Six hundred new gardaí will be recruited next year, bringing the total number of new recruits since September 2014 to 1,150.
The Justice Minister Frances Fitzgerald has now opened a recruitment campaign for 2016, after funding for the 600 new posts was announced in Budget 2016 last month.
A moratorium on Garda recruitment ended in 2013. At that stage, more than 24,000 applications were received for an initial 300 posts.
"We've always attracted way more applicants than available positions," Garda Commissioner Nóirín O’Sullivan (pictured) said today. "We want to build on that, attracting people from every strand of Irish life to help us renew our culture while retaining our best traditions."
The Commissioner added people were attracted to the Force in part because of the variety of roles on offer, from community policing to detective work and forensics, to working with the dog unit or being part of the mounted unit. Secondments to overseas police services and to the United Nations are also a possibility.
She added: "I want people of every background, right throughout the country, to think about joining us and help to make us a beacon of modern policing."
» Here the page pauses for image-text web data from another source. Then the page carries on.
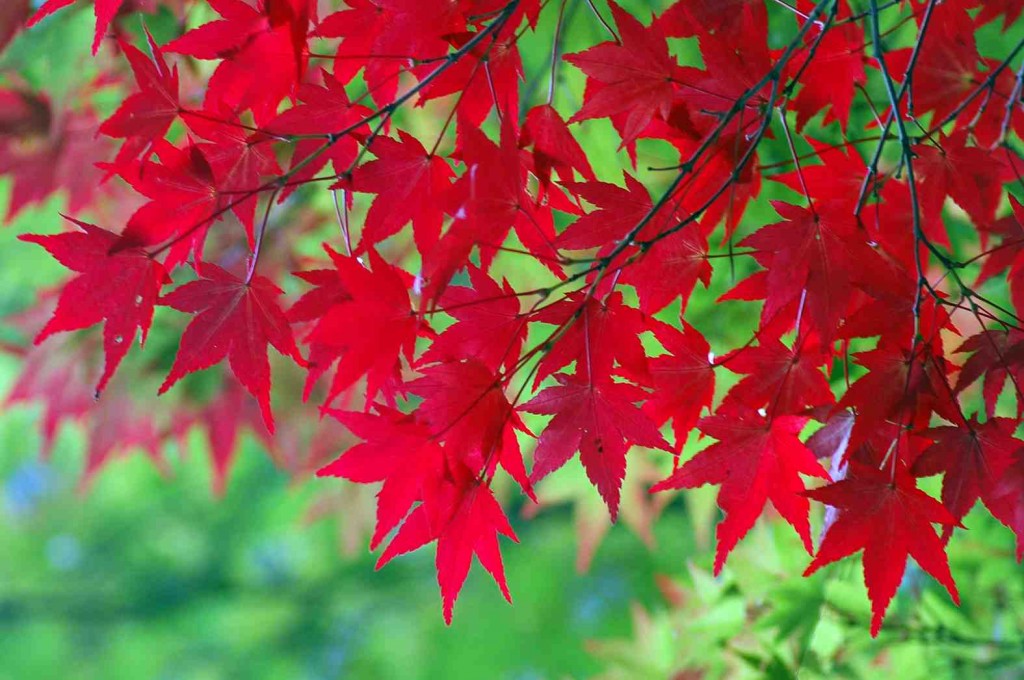 En otoño, los jardines que adornan los templos se tiñen de colores tan intensos que parecen pintados.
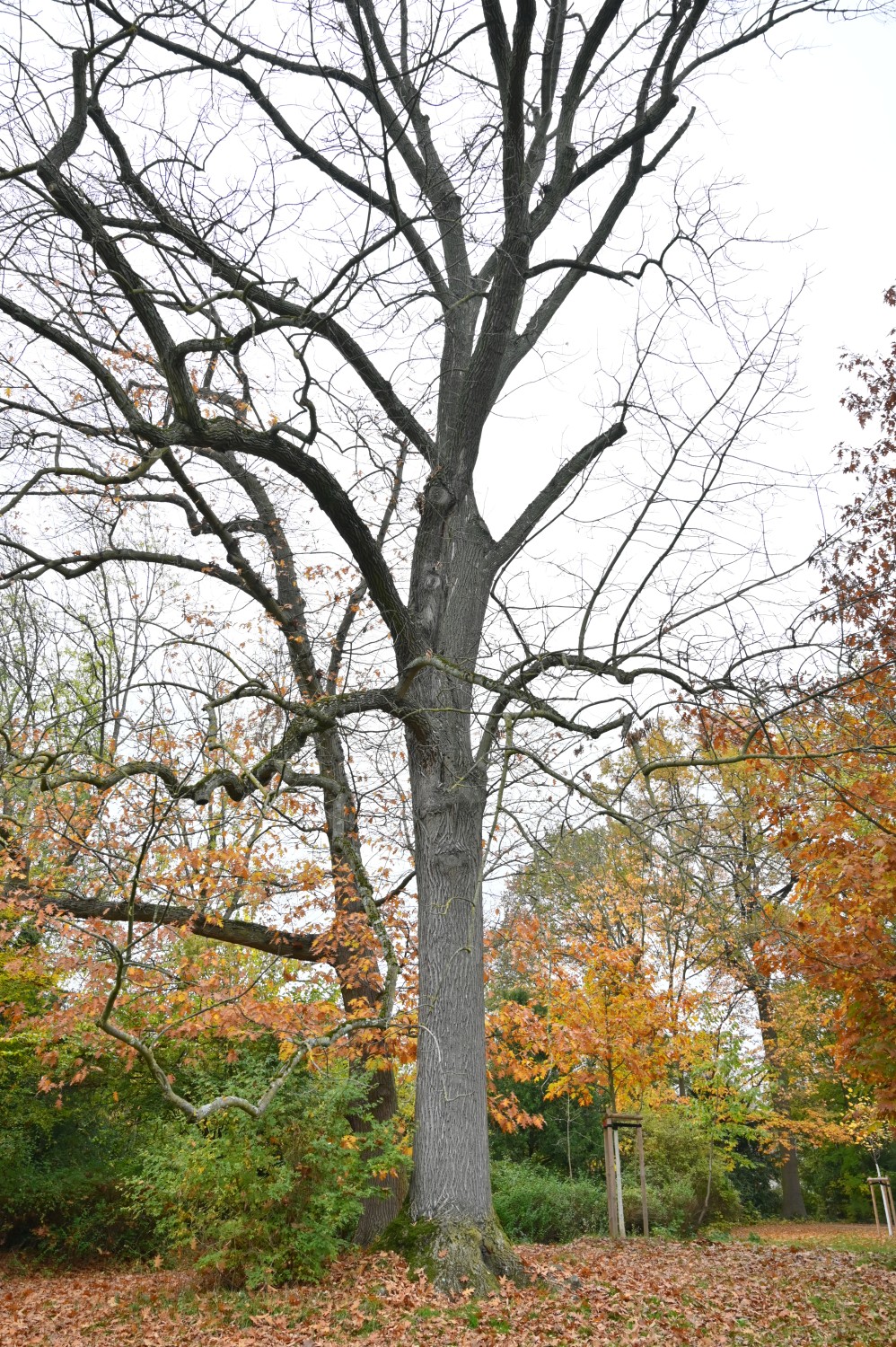 americana Fraxinus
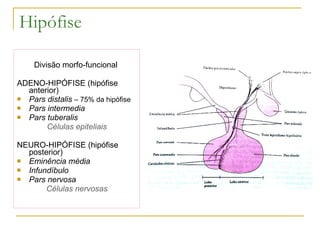 Hipófise Divisão morfo-funcional  ADENO-HIPÓFISE (hipófise anterior)  Pars distalis  – 75% da hipófise  Pars intermedia  Pars tuberalis Células epiteliais NEURO-HIPÓFISE (hipófise posterior) Eminência média Infundíbulo Pars nervosa Células nervosas 
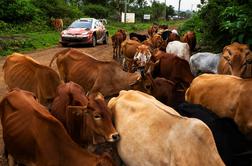 Saj ni res, pa je: v blatnem kaosu odstopili prvi trije #video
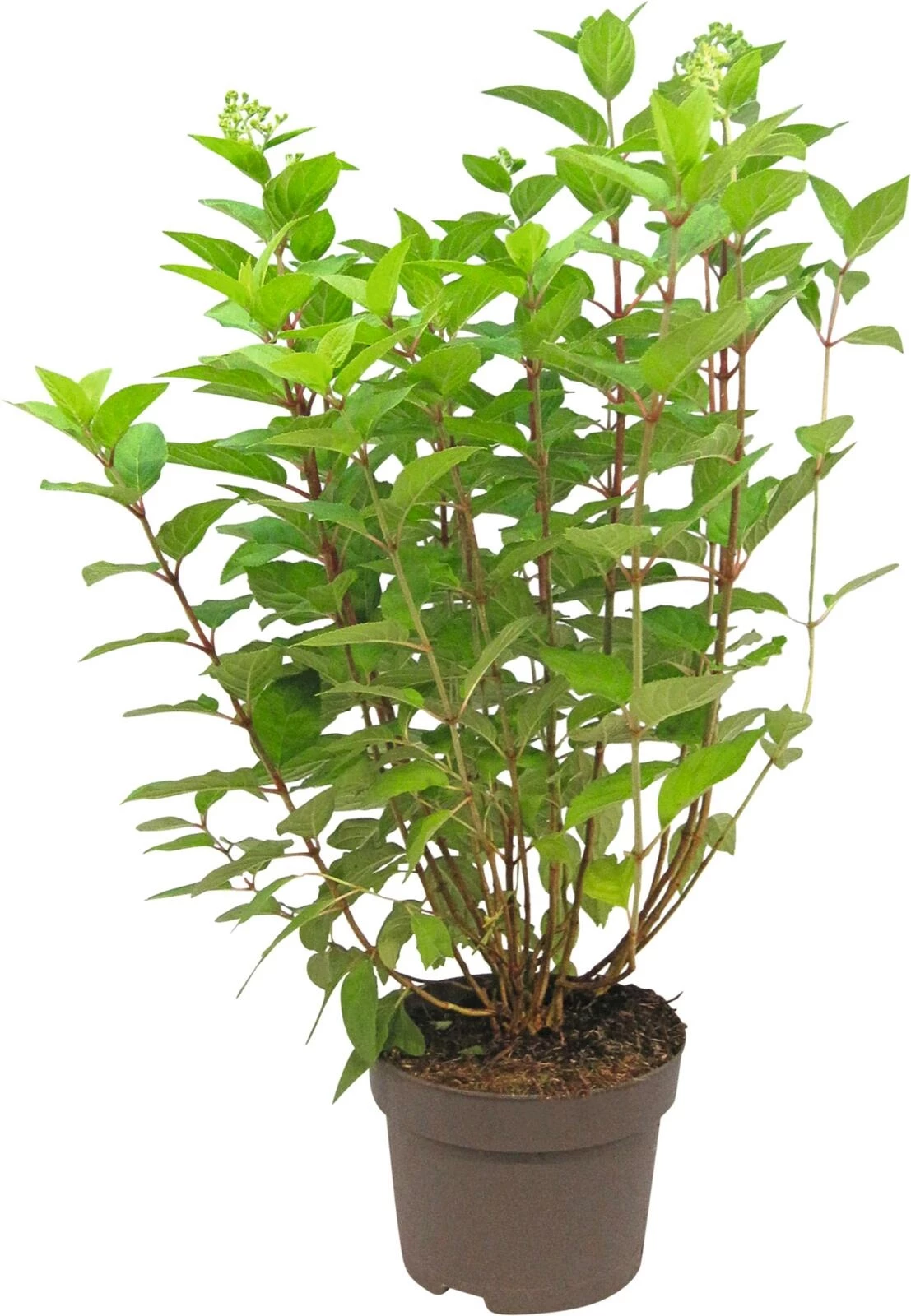 Hydrangea pan. Light lime P19 cm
Justice Minister Frances Fitzgerald said the 2016 campaign would, in addition to an Irish language stream, include a special stream for eligible members of the Garda Reserve who give their time on a voluntary basis to support the work of An Garda Síochána.
She welcomed the recruitment drive as "an important day for An Garda Síochána".
The new candidates will begin at the Garda College in Templemore from the middle of next year.
Applications to join An Garda Síochána must be made through PublicJobs.ie. The closing date for applications is January 5 next year.